Keen Transport, Inc. v. United States

Decision Date06 August 1976
Docket NumberCiv. A. No. C75-170.
Citation446 F. Supp. 5
PartiesKEEN TRANSPORT, INC., Plaintiff, v. UNITED STATES of America et al., Defendants.
CourtU.S. District Court — Northern District of Ohio

Paul F. Beery, Michael Spurlock, Columbus, Ohio, John A. Kundtz, Thompson, Hine & Flory, Cleveland, Ohio, for Keen Transport, Inc.

John H. D. Wigger, U. S. Dept. of Justice, Washington, D. C., for United States of America.

Peter A. Fitzpatrick, I. C. C., Washington, D. C., for I. C. C.

Before CELEBREZZE, Circuit Judge, LAMBROS and KRUPANSKY, District Judges.

MEMORANDUM

KRUPANSKY, District Judge.

Plaintiff Keen Transport, Inc. (Keen), seeks to enjoin enforcement of Order No. MC-111320 of the Interstate Commerce Commission (ICC or Commission) denying plaintiff's gateway elimination application. Keen operates as a common motor carrier, transporting specific commodities in interstate commerce between various points in the United States under a Certificate of Public Convenience and Necessity No. MC-111320 and Subs thereto as issued by the ICC. Plaintiff's Certificate contains separate grants of Irregular Route Authority which, by combination (tacking) at a common service point (gateway), permit through transportation.

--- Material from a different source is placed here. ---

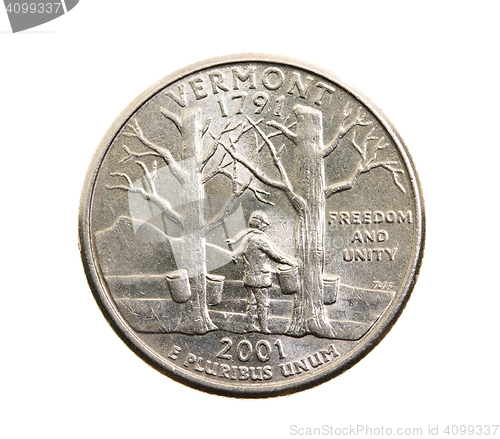 Image of coin in a quarter of the US dollar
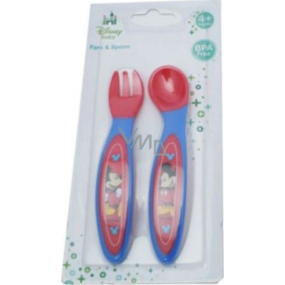 Disney Baby Mickey Mouse príbor modročervený pre deti 4+ mesiacov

On February 25, 1974, the ICC issued an Order adopting Section 1065.1, Title 45 of the Code of Federal Regulations, wherein it terminated tacking of irregular route certificates effective June 4, 1974, unless motor carriers had filed with the ICC either a letter notice, for direct highway mileage (from points of origin to destination) constituting 80% of the mileage via the gateway, or an OP-OR-9 application, for direct distances of less than 80% of the gateway mileage. See 119 M.C.C. 530.

On May 31, 1974, L. E. Gresh, Keen's Director of Transport Relations, filed 128 letter notices with the Commission in Washington, D. C. and conferred with Lewis Ames, legal counsel for the Commission's Operating Rights Section. Extension of the June 4 OP-OR-9 application filing deadline was requested. As a result of the conference, Gresh concluded that the filing deadline was extended to June 15, 1974.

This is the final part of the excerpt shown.